Plot a single month's effective precipitation raster.

Parameters:

Name Type Description Default
year int

Year.

required
month int

Month (1-12).

required
cmap str

Colormap name. Default is 'YlGnBu'.

'YlGnBu'
title str

Plot title.

None
output_path str or Path

Path to save figure.

None
figsize tuple

Figure size.

(10, 8)
vmin float

Color scale limits.

None
vmax float

Color scale limits.

None

Returns:

Type Description
Figure

The generated figure.

Source code in pycropwat/analysis.py
def plot_raster(
    self,
    year: int,
    month: int,
    cmap: str = 'YlGnBu',
    title: Optional[str] = None,
    output_path: Optional[Union[str, Path]] = None,
    figsize: Tuple[int, int] = (10, 8),
    vmin: Optional[float] = None,
    vmax: Optional[float] = None
):
    """
    Plot a single month's effective precipitation raster.

    Parameters
    ----------

    year : int
        Year.

    month : int
        Month (1-12).

    cmap : str, optional
        Colormap name. Default is 'YlGnBu'.

    title : str, optional
        Plot title.

    output_path : str or Path, optional
        Path to save figure.

    figsize : tuple, optional
        Figure size.

    vmin, vmax : float, optional
        Color scale limits.

    Returns
    -------
    matplotlib.figure.Figure
        The generated figure.
    """
    import matplotlib.pyplot as plt

    if year not in self._index or month not in self._index[year]:
        raise ValueError(f"No data for {year}-{month:02d}")

    da = rioxarray.open_rasterio(self._index[year][month]).squeeze('band', drop=True)

    # Mask 0 values as nodata
    da = da.where(da != 0)

    fig, ax = plt.subplots(figsize=figsize)

    im = da.plot(ax=ax, cmap=cmap, vmin=vmin, vmax=vmax,
                 cbar_kwargs={'label': 'Effective Precipitation [mm]'})

    ax.set_title(title or f'Effective Precipitation - {year}/{month:02d}')
    ax.set_xlabel('Longitude [°]')
    ax.set_ylabel('Latitude [°]')

    plt.tight_layout()

    if output_path:
        plt.savefig(output_path, dpi=300, bbox_inches='tight')
        logger.info(f"Saved figure: {output_path}")

    return fig

plot_scatter_comparison

plot_scatter_comparison(start_year: int, end_year: int, other_dir: Union[str, Path], other_pattern: str = 'effective_precip_*.tif', labels: Tuple[str, str] = ('Dataset 1', 'Dataset 2'), months: Optional[List[int]] = None, sample_size: int = 10000, title: Optional[str] = None, output_path: Optional[Union[str, Path]] = None, figsize: Tuple[int, int] = (8, 8))

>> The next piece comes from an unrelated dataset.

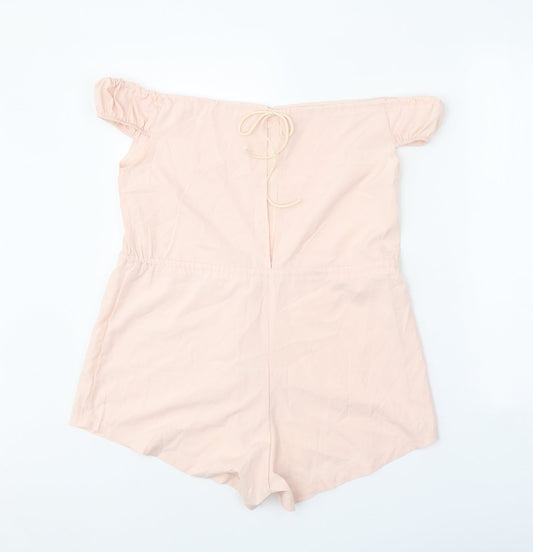 Womens UK Size M Preworn One-Piece Pink Playsuit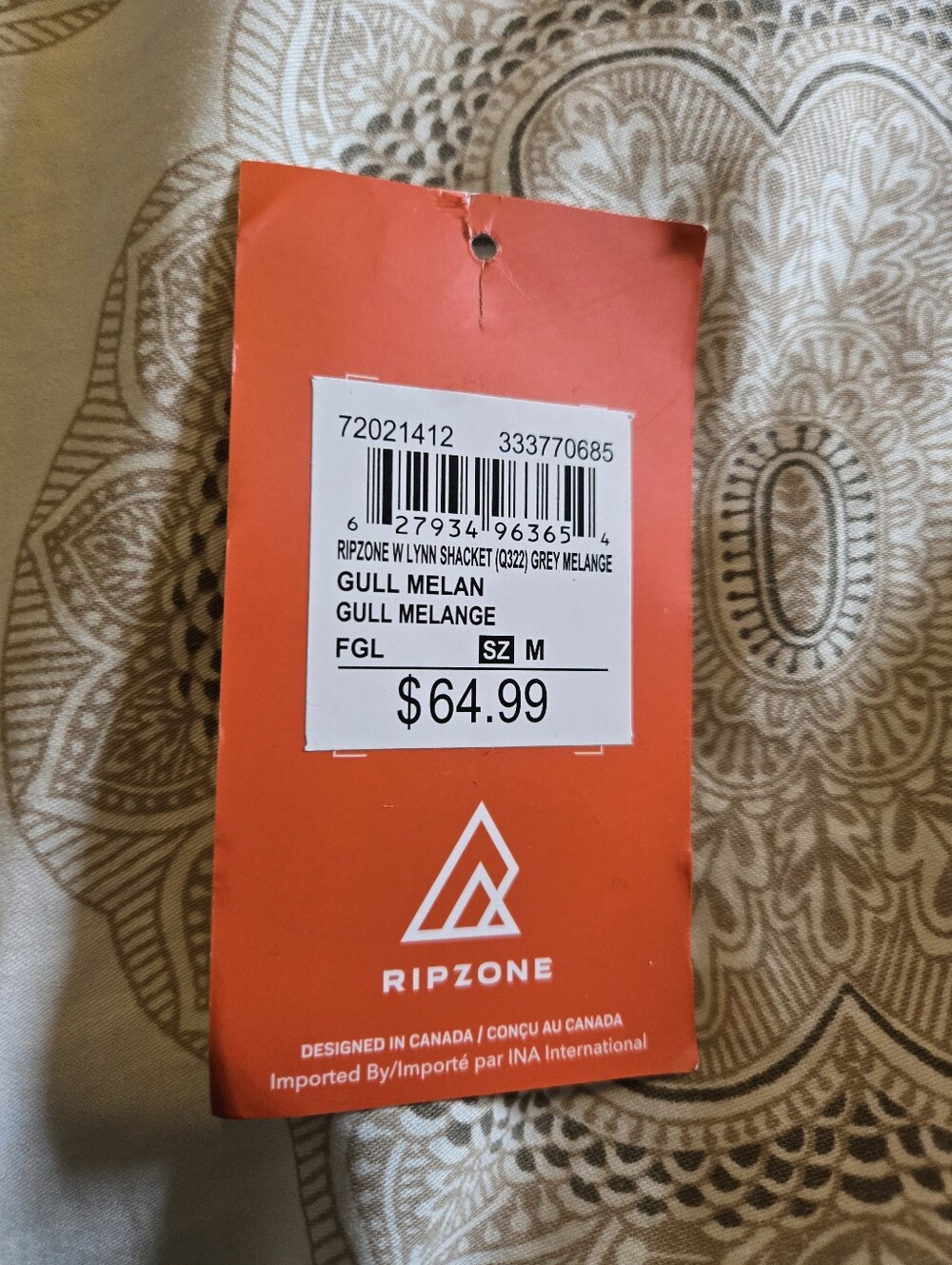 NEW Ripzone Shacket (Medium) - Picture 3 of 3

Create a scatter plot comparing two datasets.

Parameters:

Name Type Description Default
start_year int

Start year.

required
end_year int

End year.

required
other_dir str or Path

Directory containing the second dataset.

required
other_pattern str

Glob pattern for the second dataset.

'effective_precip_*.tif'
labels tuple of str

Labels for the two datasets.

('Dataset 1', 'Dataset 2')
months list of int

Months to include. If None, includes all.

None
sample_size int

Number of random pixels to sample for scatter plot.

10000
title str

Plot title.

None
output_path str or Path

Path to save figure.

None
figsize tuple

Figure size.

(8, 8)

Returns:

Type Description
Figure

The generated figure with scatter plot and statistics.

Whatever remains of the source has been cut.